We all know RFPs and RFIs are the currency of the media business, and it’s always good news to get invited to the party. But when RFPs are used in evaluating MarTech, the responses aren’t so straight-forward.
When a “DMP-curious” agency or marketer decides to draft an RFP, who are they likely going to ask for help? Well, the tech team of course–the technical brains in the organization who own all “Tech”. These are super smart people, but likely may have way more questions than may be relevant to your decision criteria.
With all due respect, when “non-business owners” are responsible for the majority share of the RFP, they may be doing the DMP “stakeholders” a disservice. Through this bias, many times what can be most important to evaluating a solution is undervalued in an RFP template.

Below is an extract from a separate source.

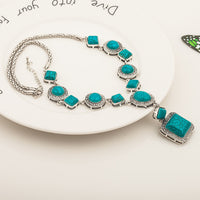 collier-turquoise-collier-diamant-vintage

As an example, reviewing Data Management Solutions and data-driven marketing, like other tech reviews, involves 3 key elements, (1) Technical (2) Strategic and (3) Partnership. The need to validate how a solution will integrate with other systems is vital, and media folks definitely need the expertise of their tech groups to support tech-related questions. But the other two elements are often under-represented during the MarTech vendor selection process, and deserve more time and energy.
Beyond tech, these RFPs ask myriad questions around various capabilities like cross-device, look-alike modeling and on-boarding offline data. Many folks call these “box checkers”. Can you do this, can you do that? But what is missing most times is more specific context. Not just all the “things” a vendor can do, but a focus on the strategies which are needed to accomplish objectives and how the technology can help you achieve your specific goals. It’s one thing to identify capabilities, but quite another to speak to specific types of outcomes and objectives.
Clients own the strategy promoted by MarTech, but your MarTech partners should also have guidance on your go to market strategy. What do they think? What recommendations do they have? Ask your vendor to present their strategic approach. How do they approach this work? What questions do they ask? Do you feel they are “getting” it? Working sessions are another great example, which also leads to the next element, partnership.
You’re best served by a vendor that truly provides a partnership approach to Client Success. This is more than response and support, but requires that your vendor proactively support your role-out and strategy. BUT – you may ask, how do you know what kind of partner a vendor may be, before you can find-out first-hand? Clearly references are vital, but most evaluation processes don’t start there. The actual evaluation process should give a great sense, after all, if a vendor cannot add value to your evaluation, this may be a strike against them. This is more than doing a great job talking about their solution, but do they also offer guidance that helps you? Don’t be fooled by salesmanship. The evaluation process is a dry-run for your relationship. Lastly, ask vendors to discuss specifically how your account will be supported and how the vendor’s client success department is structured, and ask to speak to those people.
Making the right vendor decision should include what you see outside the actual RFP response. Consider the manner the vendor engages. Consider how they approach your needs. Do they approach as a strategist, and not just sales rep? More than just relationship, what kind of business partner will this vendor be? Look for those qualifications and requirements that cannot be exhibited in an RFP.